La replica di Berlusconi "Veltroni si preoccupi delle notizie terrificante sui conti di Roma che vanno sotto la sua responsabilità. Su questo chiederemo a un istituto internazionale una completa due diligence. Se sono confermate le notizie si tratterà di una bancarotta e gli amministratori di Roma saranno dei falliti che non potranno continuare a governare". Arriva nel pomeriggio da Bruxelles la risposta del premier Silvio Berlusconi agli attacchi di Veltroni: "Questa emergenza mi ha stranito. In tutte le città d’Europa non esistono conti così drammatici. Chi ha provocato questa situazione non si può riproporre come leader e il fatto che lo faccia ha dell’incredibile". Silvio Berlusconi torna a parlare dei conti della Capitale e risponde per rimarcare la speranza che "quel che appare non sia vero". Se invece questi conti saranno confermati "non sapremo come ripianarli. È una cosa che lascia tutti sbalorditi. È un fatto allucinante". Poi parla dell'opposizione: "Veramente non c’è mai stata una luna di miele in parlamento con l’opposizione. Ci sono state anzi forme di contrasto dure e direi anche eccessive. Noi siamo aperti nei confronti di tutti, io sono il presidente del Consiglio di tutti gli italiani. Sono stati anche accusato dai miei di prestare più attenzione alle amministrazioni di sinistra piuttosto che a quelle governate dal Pdl. E forse questo è anche vero, ma da parte mia c’è sempre la totale apertura nei confronti di chiunque".
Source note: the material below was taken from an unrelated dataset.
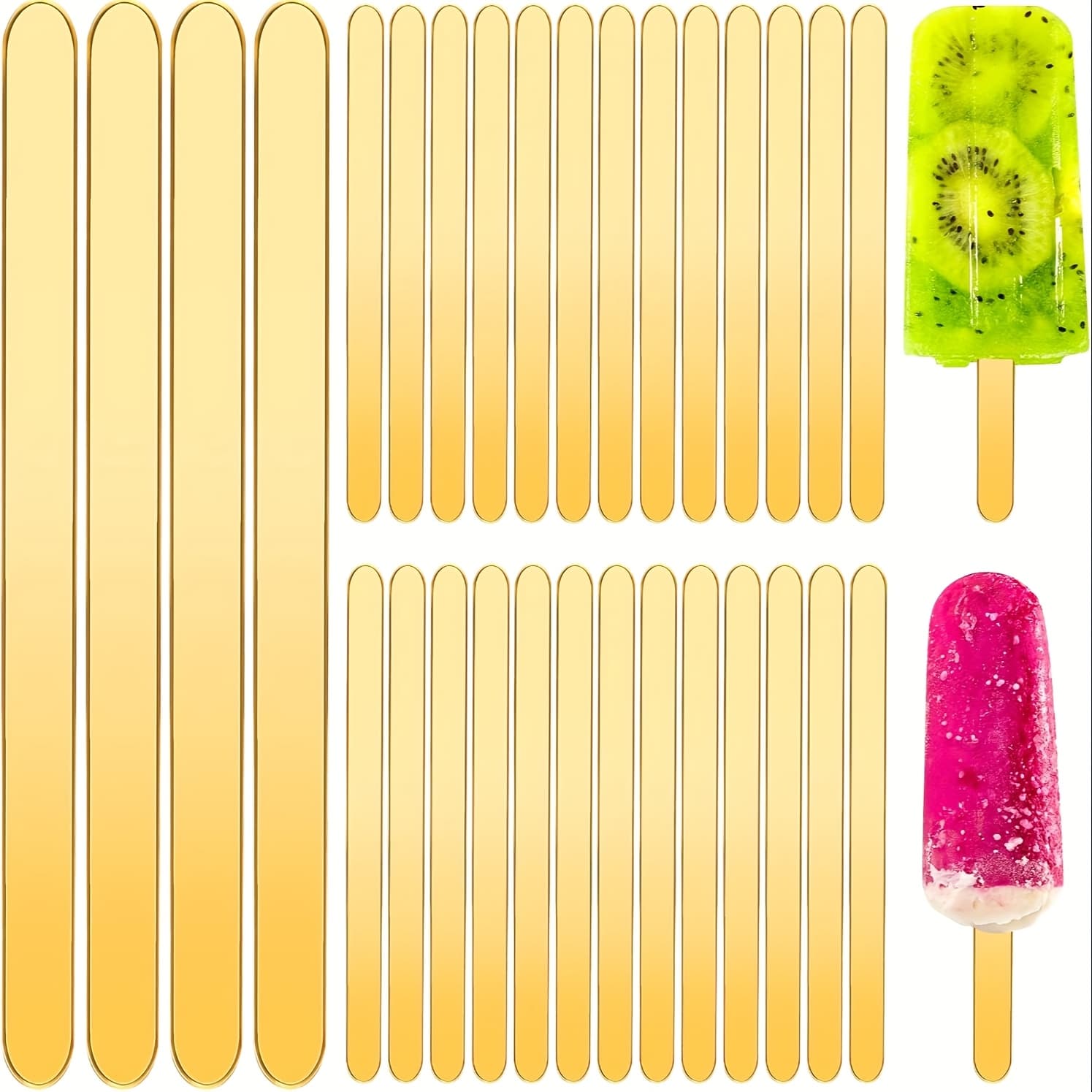 TEMU 60pcs Acrylic Cakesicle Sticks Cream Sticks Lolly Mirror Glitter Reusable Craft For , 4.5 Inch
No ritorni al passato "Faremo un’opposizione intransigente contro il ritorno di conflitti istituzionali e leggi ad personam" prosegue Veltroni. "All’indomani della sconfitta elettorale noi abbiamo messo in campo un’opposizione coerente con la natura del Pd che si candida a governare il Paese e ad aprire un ciclo di innovazione non torneremo agli errori del passato". E anche se il governo ha strappato il dialogo con l’opposizione il Pd non si farà " trascinare al massimalismo e all’antiberlusconismo. Nessuno si illuda tra gli avversari - ha detto Veltroni - non torneremo nel passato. Non torneremo ai vizi antichi o ci giocheremo la possibilità di tornare al governo". Questi vizi, secondo il segretario del Pd, sono "il connubio tra massimalismo e antiberlusconismo" che è stato bocciato dall’elettorato. Tra gli errori il segretario individua anche "le divisioni".